I'm just wondering if someone can fill me in on expected hourly rates etc. I've been job hunting and have applied for a few jobs, but can't quite get over the hourly rates some companies offer (between $10-$14 an hour in a laboratory) while I've tried to take most things with a grain of salt - I know I won't be earning anywhere near as much as I do now and that most Canadian companies offer benefit schemes on top of wages, but $14 still seems quite low to me.. I haven't earnt that much since I was 15 working in the supermarket. 

If anyone can confirm this, or maybe a breakdown of a benefits scheme to see how much they're actually worth..

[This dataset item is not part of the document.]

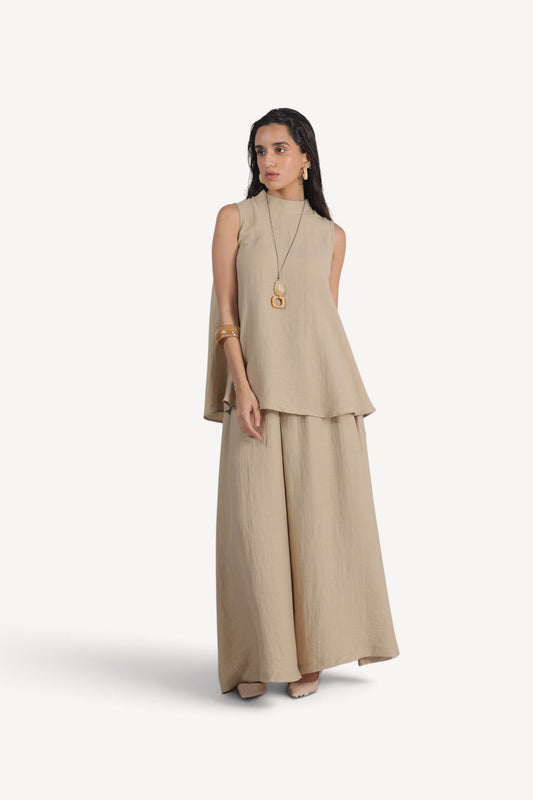 Sleeveless Tunic &Wide-leg Trouser set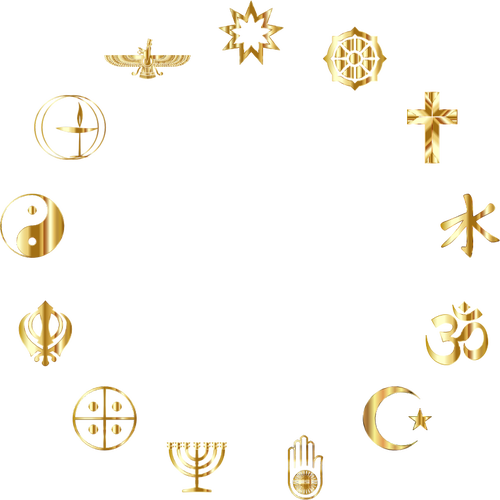 Simboli religiosi dorati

Countdown! August 27, 2012


----------



## jazziyasm (May 10, 2012)

Also, can anyone explain to me what 'entry level' means.. is it like a graduate job for those that have completed college, or can anyone apply for entry level?


----------



## Geggs1 (Apr 15, 2011)

Welcome to Canada. If the wages are low then. Find a second job and work 16 hours a day like me. Sometimes you have to walk into the dark to see the light.


----------



## Jrge (Mar 22, 2011)

jazziyasm said:


> Also, can anyone explain to me what 'entry level' means.. is it like a graduate job for those that have completed college, or can anyone apply for entry level?


Hi,

'entry level' = no experience or basic duties
'Mid level' = getting the hang of it
'Senior level' = tell others what to do 

For example; you can hold a Ph.D degree and yet, be a Junior Geotechnical Engineer *OR *have a HS Diploma a be a Senior Documents Controller.

Animo
(Cheers)


----------



## 146028 (Nov 16, 2011)

If you have some experience already, then entry-level is not really for you.


----------



## Maca_eire (May 17, 2012)

I am going to be on $22 per hour at entry level(ish) and I am worried it is not enough to live comfortably. 

I see some really well paid jobs, and some that seem extremely low. If you are young and single and just renting a room, $14 may do it. But that is low. (I think)


----------